*** Opening Data records ***

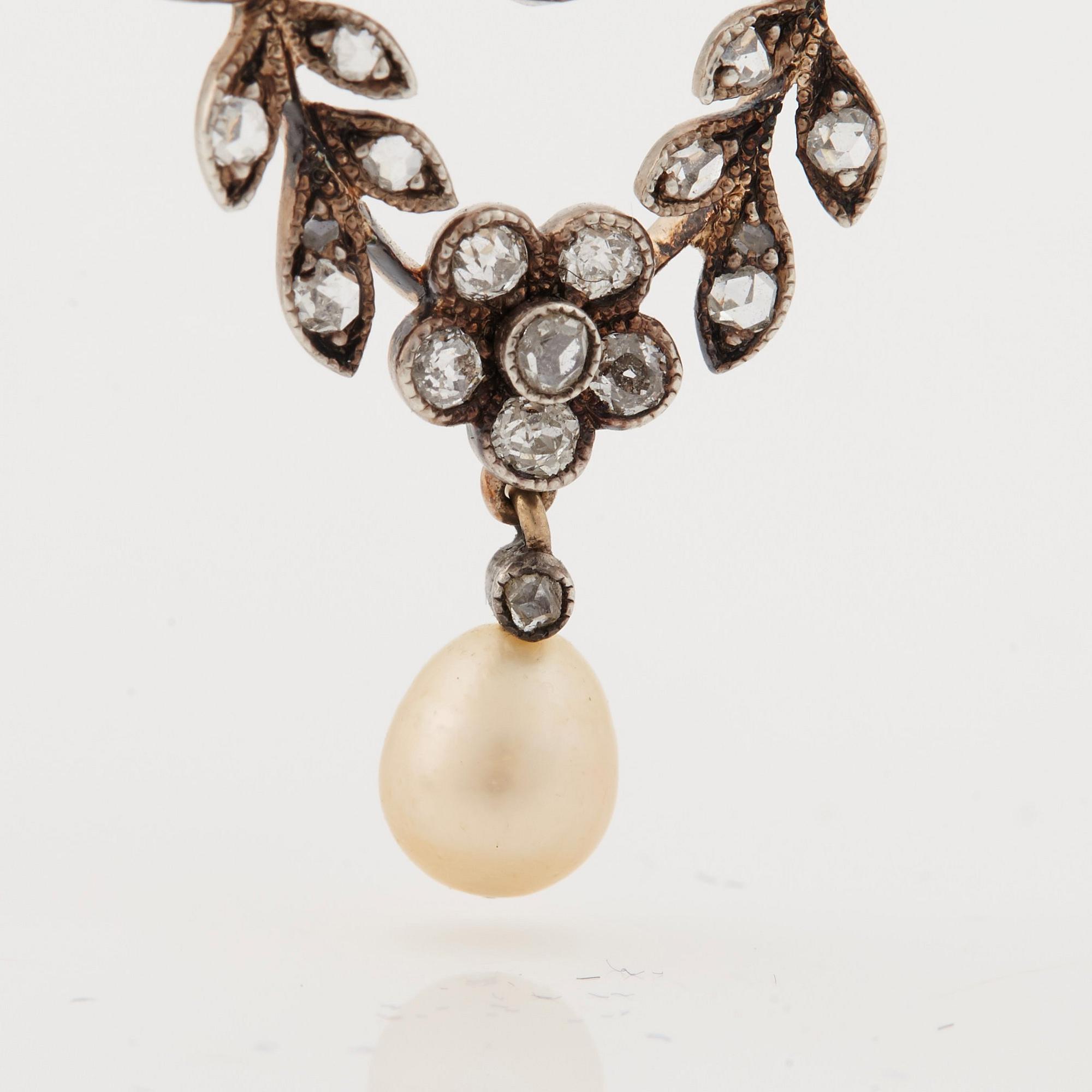A natural pearl, old-, rose-and briolette cut diamond pendant. Early 20th cent.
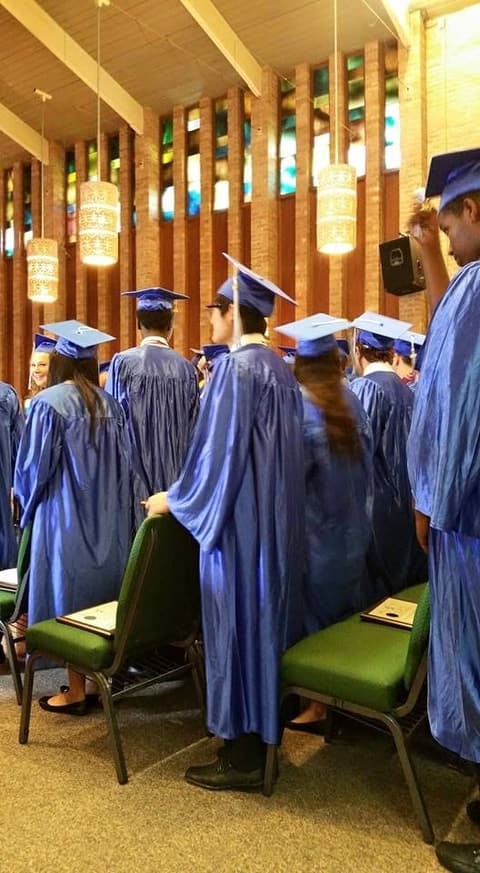 Graduates taking their seats in the chapel.
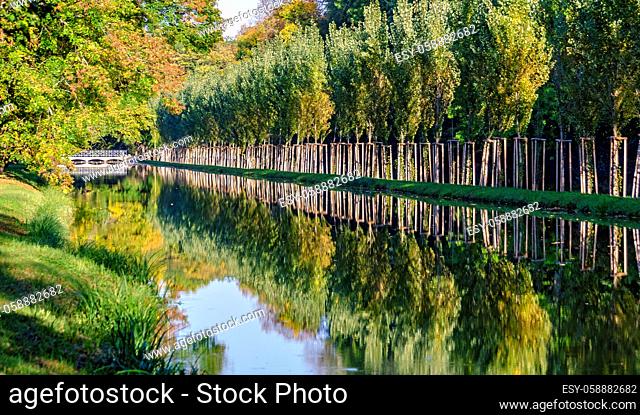 Kanal mit Alleebäumen im Schlosspark von Laxenburg an einem sonnigen Herbsttag, Österreich; canal with alley trees on a sunny day in autumn in the palace park...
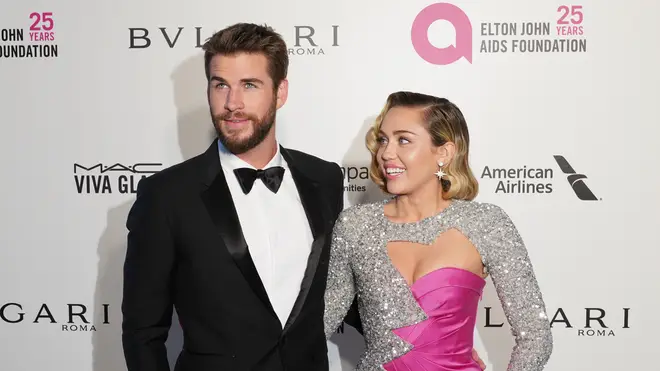 Miley Cyrus and Liam Hemsworth were happy to make red carpet appearances together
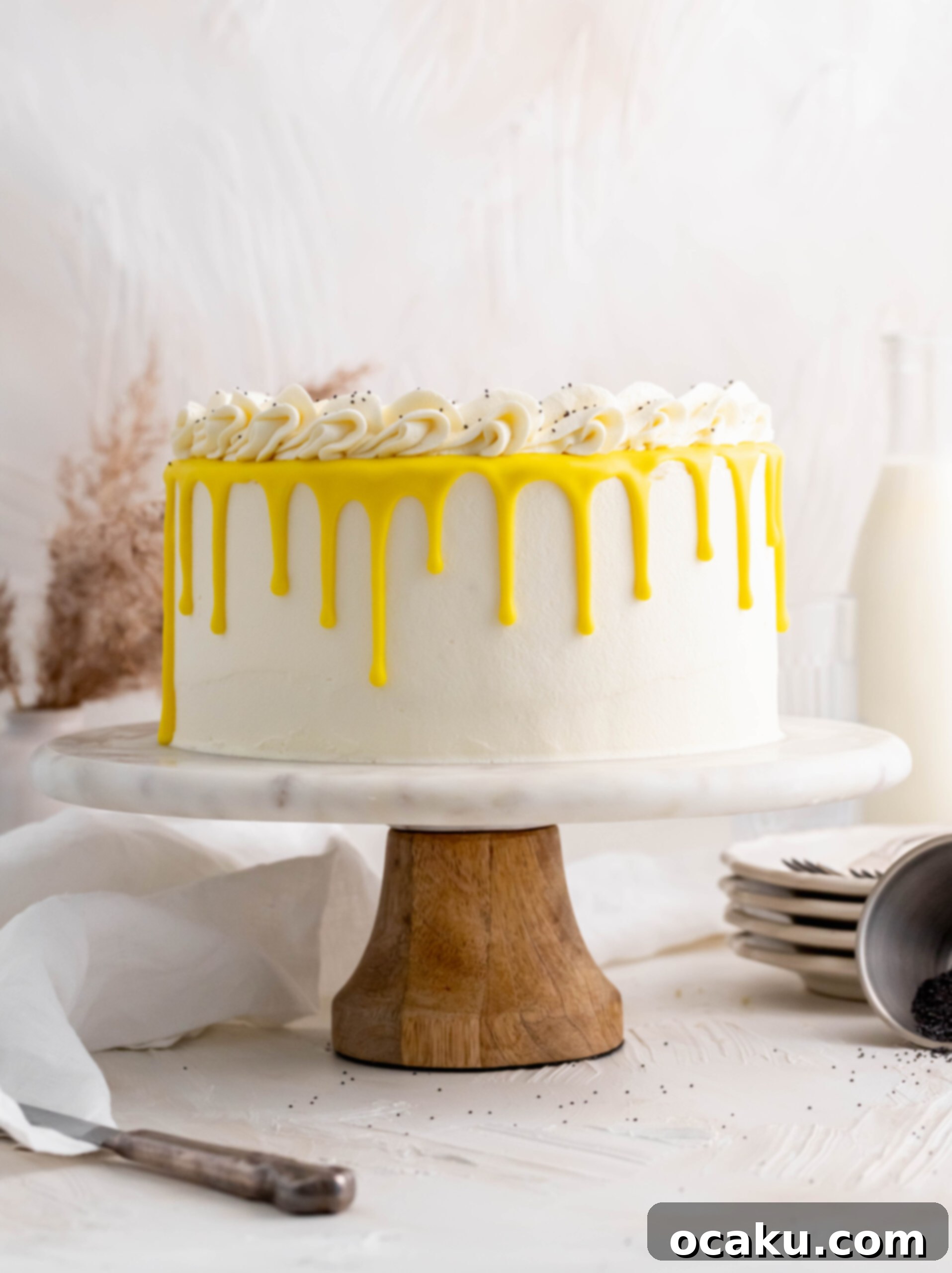 A stunning lemon poppy seed layer cake adorned with a white chocolate drip and buttercream wreath, presented on a elegant cake stand.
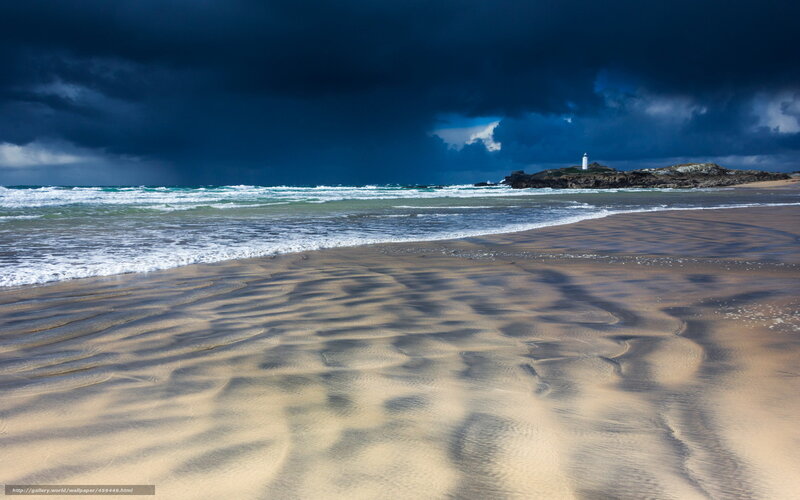 Stormy beach with lighthouse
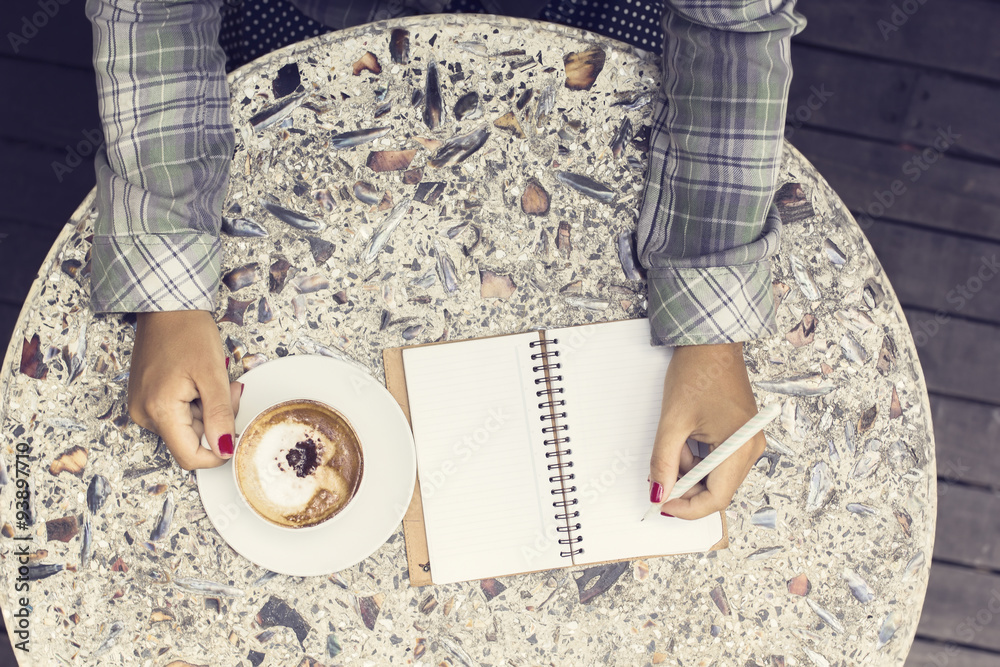 Girl with cup of coffee and diary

*** Closing Data records ***

• **Assignment**
The required output is every line from the one containing "Kanal mit Alleebäumen" through the last line of the records, inclusive, reproduced exactly and without pictures.

• **Answer area**
 Kanal mit Alleebäumen im Schlosspark von Laxenburg an einem sonnigen Herbsttag, Österreich; canal with alley trees on a sunny day in autumn in the palace park...
 Miley Cyrus and Liam Hemsworth were happy to make red carpet appearances together
 A stunning lemon poppy seed layer cake adorned with a white chocolate drip and buttercream wreath, presented on a elegant cake stand.
 Stormy beach with lighthouse
 Girl with cup of coffee and diary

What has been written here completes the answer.